▸ ENTRIES SUPPLIED
-*-
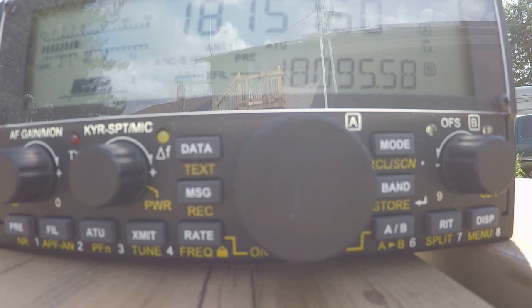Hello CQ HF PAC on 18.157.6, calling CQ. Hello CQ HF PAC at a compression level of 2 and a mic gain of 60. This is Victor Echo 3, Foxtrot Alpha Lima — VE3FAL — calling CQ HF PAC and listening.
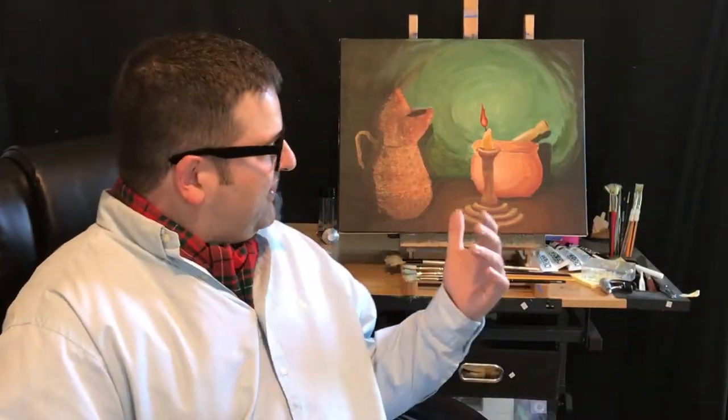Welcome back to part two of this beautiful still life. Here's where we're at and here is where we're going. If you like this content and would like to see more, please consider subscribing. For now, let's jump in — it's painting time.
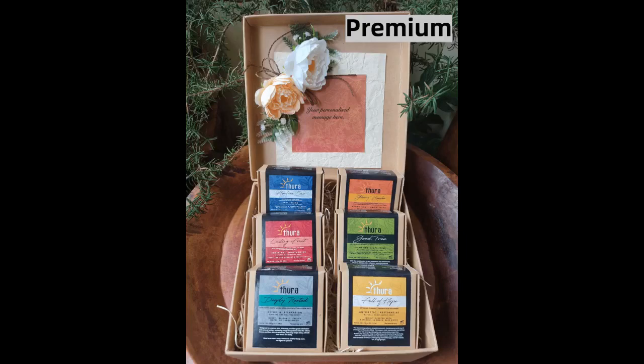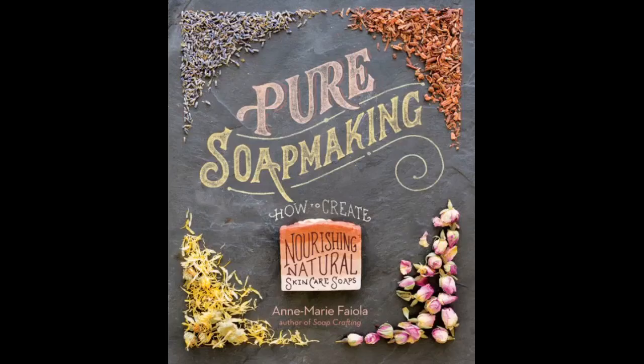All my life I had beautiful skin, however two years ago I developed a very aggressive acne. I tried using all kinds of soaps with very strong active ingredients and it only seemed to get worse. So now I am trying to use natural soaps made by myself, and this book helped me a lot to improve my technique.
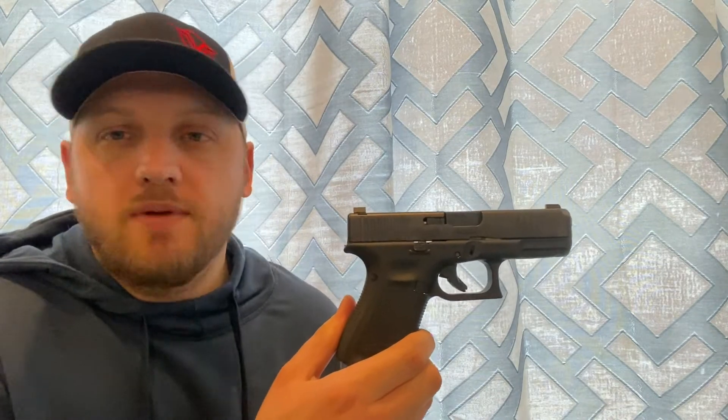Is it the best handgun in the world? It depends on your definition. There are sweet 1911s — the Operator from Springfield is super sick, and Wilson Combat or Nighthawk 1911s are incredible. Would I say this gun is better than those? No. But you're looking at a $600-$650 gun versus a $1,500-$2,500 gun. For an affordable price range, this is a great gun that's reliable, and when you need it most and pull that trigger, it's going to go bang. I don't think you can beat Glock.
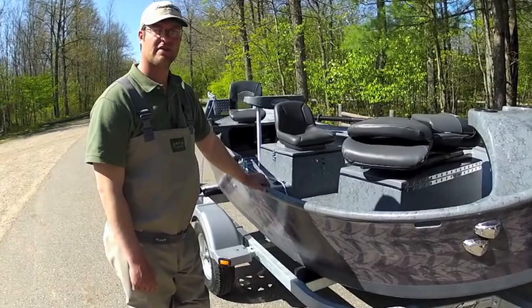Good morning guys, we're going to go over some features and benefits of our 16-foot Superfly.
-*-
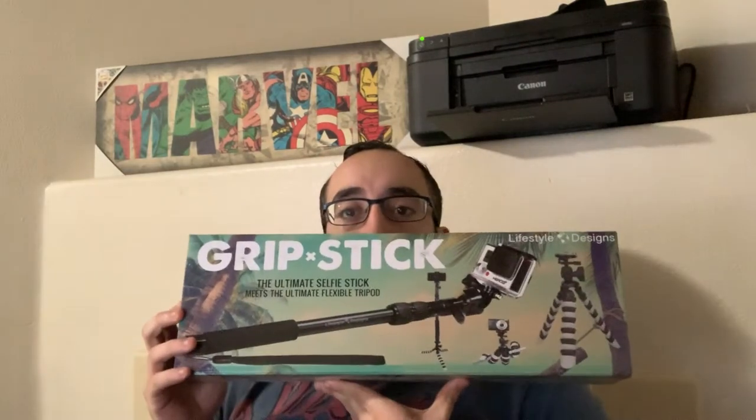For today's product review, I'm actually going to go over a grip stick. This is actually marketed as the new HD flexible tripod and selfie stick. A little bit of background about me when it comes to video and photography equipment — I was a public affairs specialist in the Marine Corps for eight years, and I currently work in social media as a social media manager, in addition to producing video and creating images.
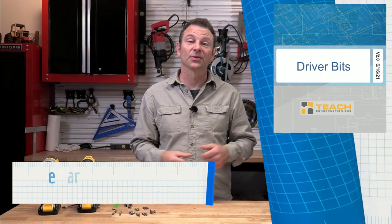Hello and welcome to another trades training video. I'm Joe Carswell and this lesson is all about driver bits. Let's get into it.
-*-
Please repeat, exactly as written, the lines in the records above, starting with the one that has "For today's product" and going on through the one that has "Hello and welcome". Pictures are to be left out.

For today's product review, I'm actually going to go over a grip stick. This is actually marketed as the new HD flexible tripod and selfie stick. A little bit of background about me when it comes to video and photography equipment — I was a public affairs specialist in the Marine Corps for eight years, and I currently work in social media as a social media manager, in addition to producing video and creating images.
Hello and welcome to another trades training video. I'm Joe Carswell and this lesson is all about driver bits. Let's get into it.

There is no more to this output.